8 Responses to As Wyoming goes, so goes the nation?

  1. BBHY says:

    Seems incredibly obvious that they would have to disclose what chemicals they are pumping into the ground. Why is this even a question?

  2. mike roddy says:

    This is really encouraging. The redeeming quality of people from the Rockies is that they have courage. It reminds me of the Salt Lake City Tribune’s editorial about the need to do something about climate change.

    The results of disclosure of fracting chemicals will be scary. Does this mean that the practice will be halted until sanity is restored? That’s the real question, as well as the one about whether gas can be released without the use of toxic chemicals.

  3. BillD says:

    When toxic chemicals show up in ground water and wells, it would be nice if they could be traced to their source. I would have expected that adding toxic or potentially toxic chemicals to the environment would require some kind of an environmental impact statement that lists the said chemicals and their approximate concentrations.

  4. prokaryote says:

    They’re Just Irrational?

    The most frightening part of Lustgarten’s interview has nothing to do with BP. It’s about the use of hydraulic fracturing (or “fracking,” apparently with no intended reference to Battlestar Galactica) to drill for natural gas. In fracking, a mixture of water and chemicals is injected underground under extremely high pressure to break up rock formations and release trapped natural gas bubbles. According to Lustgarten, there is no scientific understanding of what happens to those chemicals — many of which are toxic — and whether they end up in our drinking water. Yet the Energy Policy Act of 2005 forbids the EPA from regulating fracking under the Safe Drinking Water Act — by simply stipulating, without proof, that the chemicals are removed after being used, and therefore there is nothing to regulate.
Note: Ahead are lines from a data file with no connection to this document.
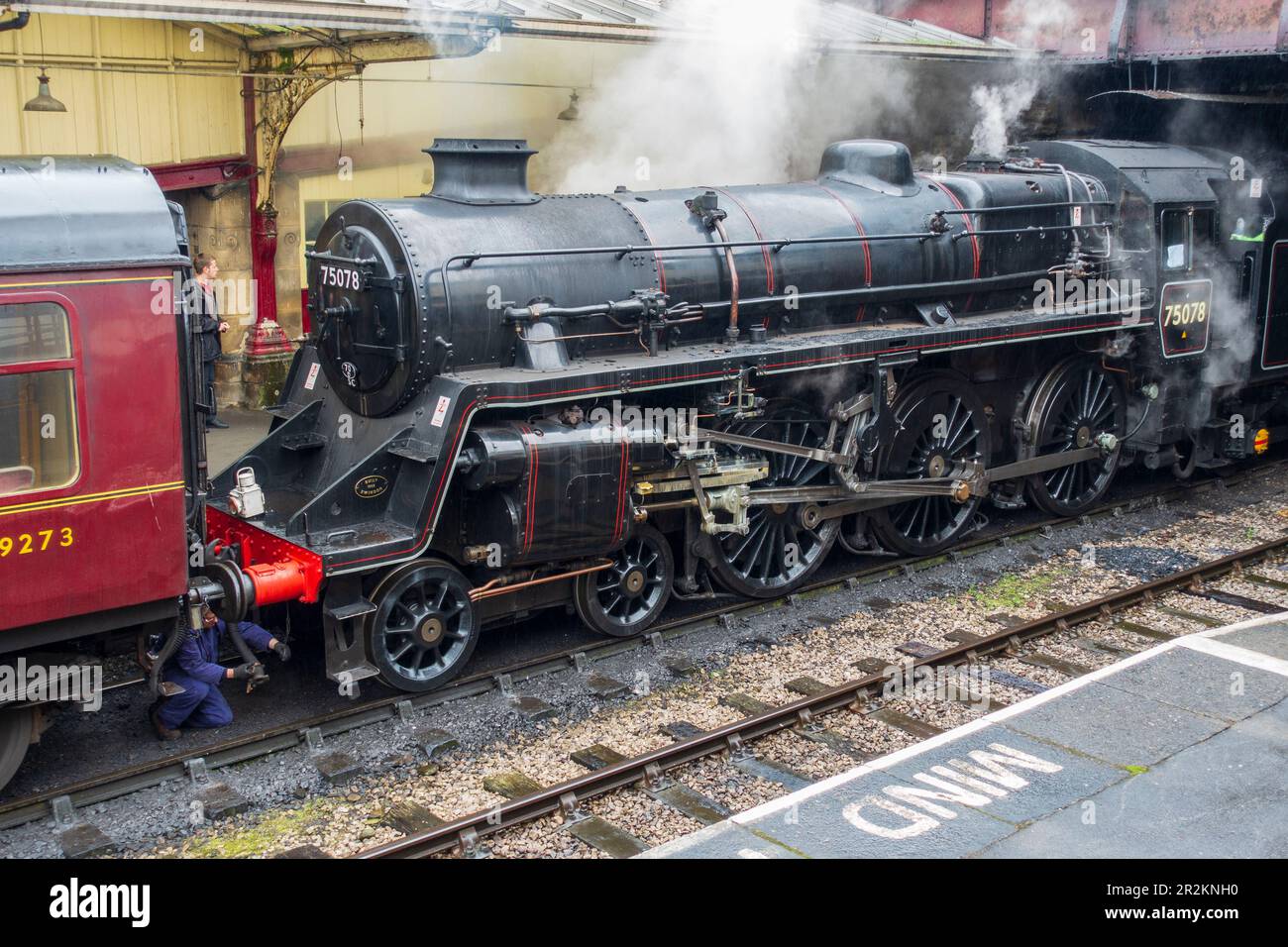 Restored Steam locomotive 75078 hitching up carriages on the Keighley & Worth Valley Railway at Keighley Station in West Yorkshire, England, UK Stock Photo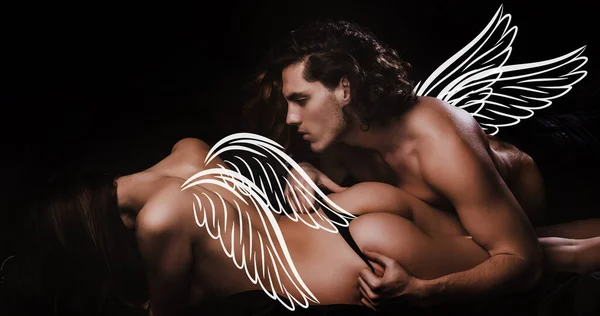 Angels couple, valentines day photo banner. Sexy couple play in love games. Sensual woman in erotic lingerie lie under muscular man. Sexy elegant couple in the tender passion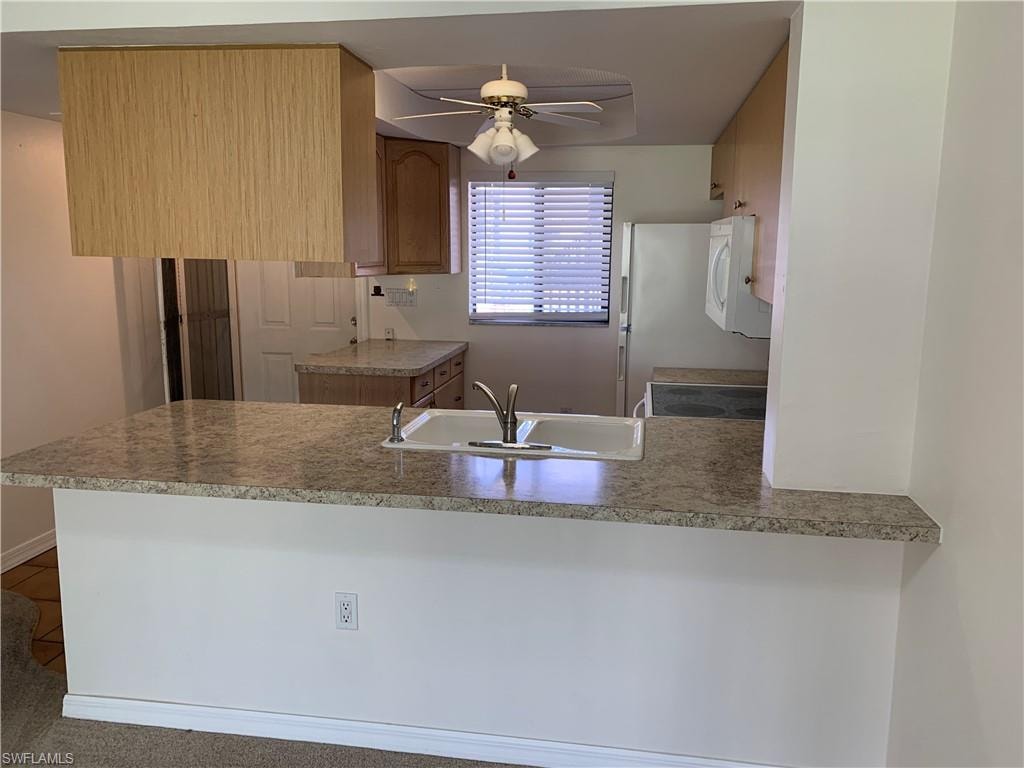 Kitchen with breakfast counter.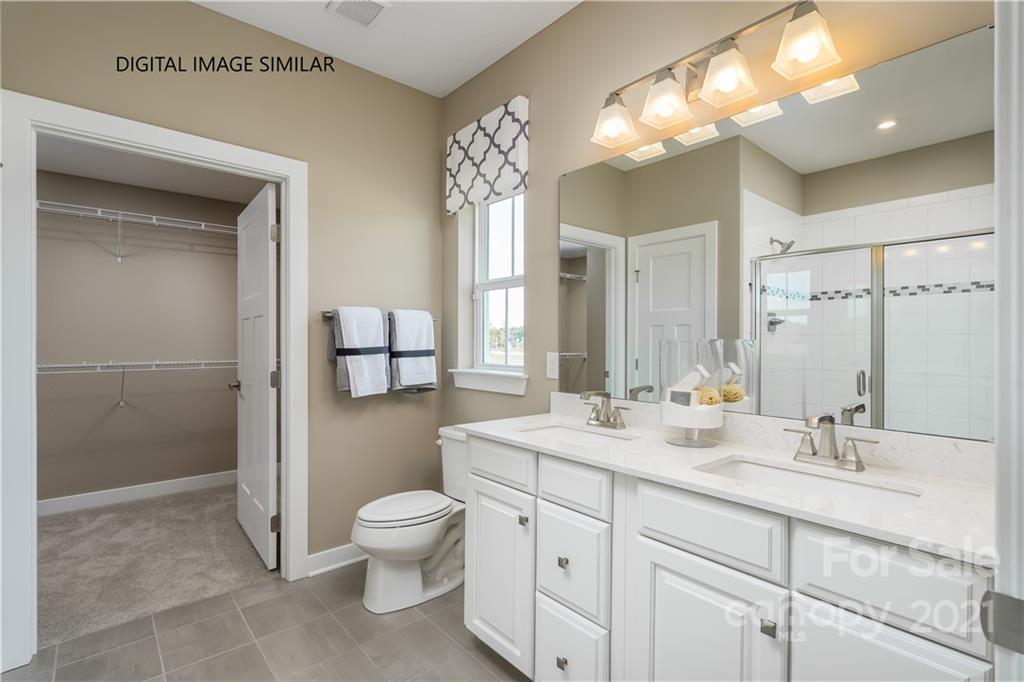 1619 Moore Farm Road, Unit 184 Indian Trail, NC 28079 - Photo 16 of 28 a bathroom with a double vanity sink mirror and toilet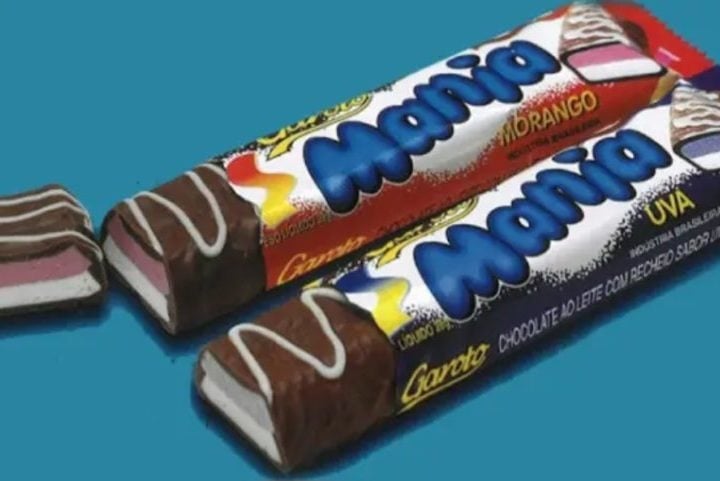 Mania, da Garoto: Esse chocolate foi lançado no fim dos anos 1990, vinha em formato de barrinha e tinha duas opções de sabores: morango e uva. Tem gente que pede a volta dele nas redes sociais até hoje! Reprodução: Flipar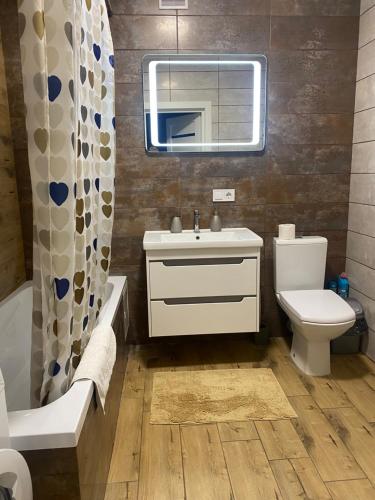 a bathroom with a sink and a toilet and a tub at Апартаменти Люкс, КОНДИЦІОНЕР, парковка, Авторинок, медцентр ЯНА - 5хв in Luts'k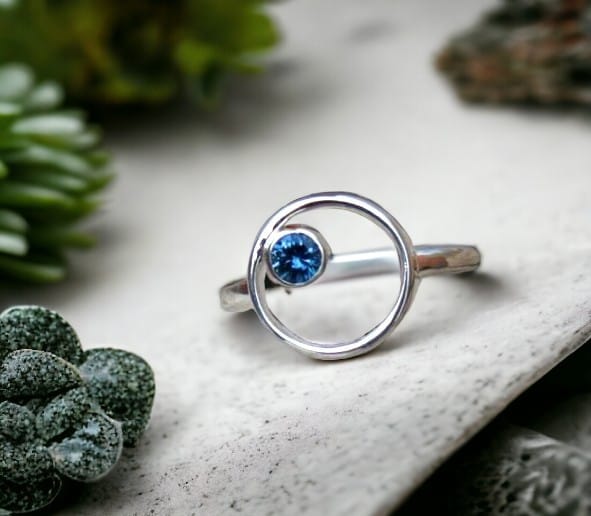 Blue sapphire ring in an open circle negative space bezel set design.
    If this reminds you of the Commodity Futures Modernization Act, it probably should. How could this happen? You should listen to the interview because I’m working from memory, but basically the EPA (this is under Bush and Cheney, remember) negotiated the deal with Halliburton and the other gas exploration companies. The EPA agreed to the stipulation, and hence the exemption for fracking, and in exchange the drillers agreed to stop using benzene (or diesel fuel, of which benzene is a component) as a fracking chemical. Years later, however, we now know that the exploration companies simply continued to use benzene as a fracking chemical.

  5. prokaryote says:

    Watch in fullscreen and 720 pixel


  6. Michael Tucker says:

    The oil and gas industry has been using a variety of chemicals to aid in oil and gas recovery. They can and do keep the chemicals secret because they claim they are “proprietary”. I suspect the real reason is the chemicals include compounds that are either highly caustic or carcinogenic. We have heard for years that chemicals are entering the ground water reservoirs and it was just a matter of time before public outrage forced a change.

  7. Anonymous says:

    HBO documentary exposes gas drilling hazards
    Film arrives at fraught time as public is focused on energy, how we get it

    GASLAND Movie TONIGHT premieres on HBO at 9PM.